It bears repeating that it is difficult to underestimate the scale of the SNP's victory on Thursday. Now that Annabel Goldie has decided to quit, this is an election rout that has toppled the leaders of the three main parties of opposition in Scotland. The interesting question is what is Salmond and the SNP going to do with all this power?
I don't mean to rain on their parade... Actually, I do. I am Scottish, after all - and despite what a number of commentators would have you believe, the SNP forming a parliamentary majority on less than 50% of the popular vote might represent a number of significant changes in the Scottish polity but taking it as indicative of a transformation of our national character is a little premature, to say no more than that.

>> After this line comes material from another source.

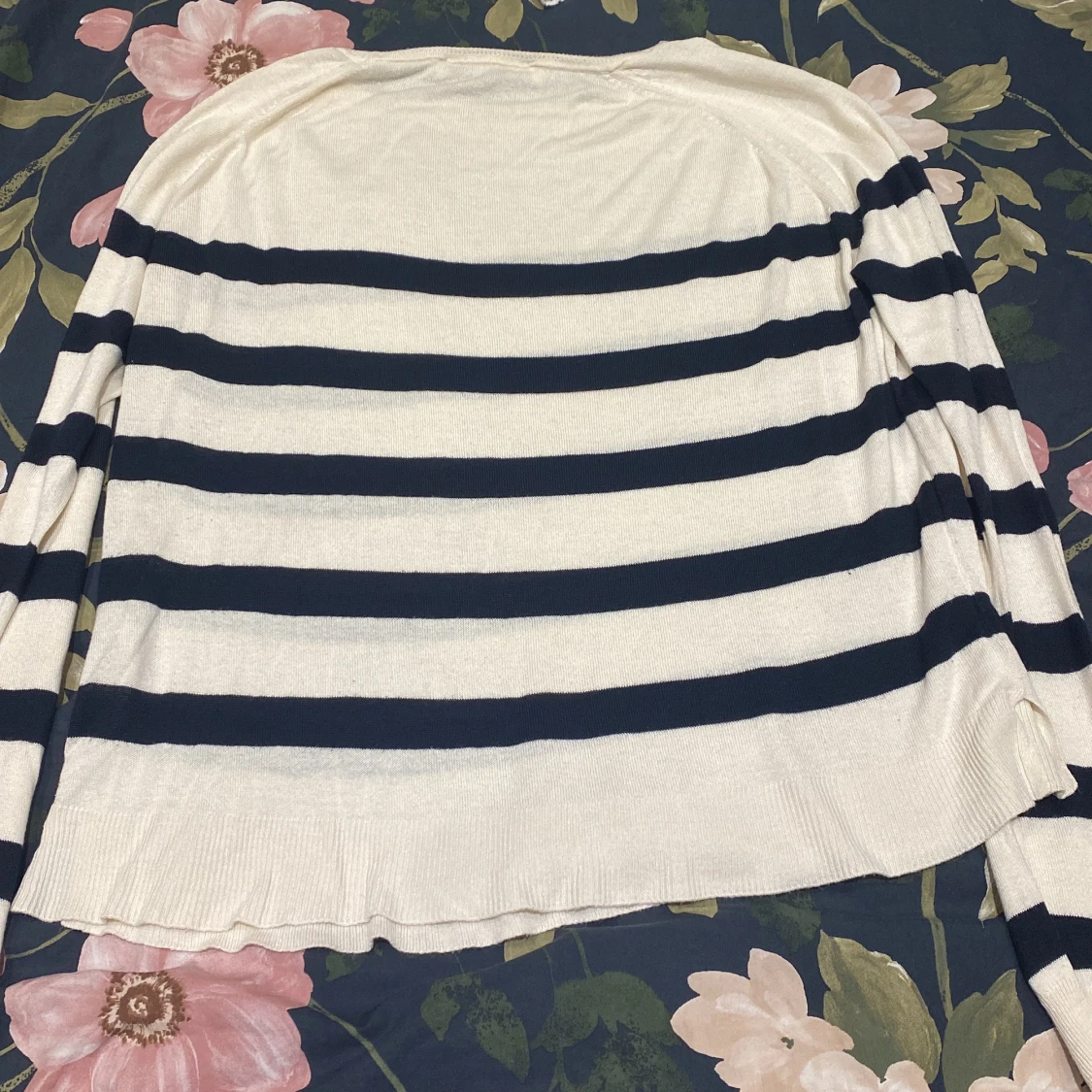 Randig långärmad tröja från Zara - 1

When the music's over, there will be a number of challenges that will present themselves to the nationalists sooner or later.
They will no longer be able to blame inaction on some of their 'flagship' policies on their minority status. The reality of the situation is that the much hailed 'competence' of the previous administration was based on cautious, crowd-pleasing measures. Now that this is no longer the case, I'll be interested to see if they press ahead with some of their more controversial plans.
For instance, policies like a local income tax and the minimum pricing of alcohol may or may not be a good idea in and of themselves but I would have thought that their most immediate effect if enacted would be to take money out of the pockets of the median voter. The council tax is unfair but the local income tax, as well as being very costly to introduce, is likely to squeeze couples with children. They'd be wise to let this one slide, in my view.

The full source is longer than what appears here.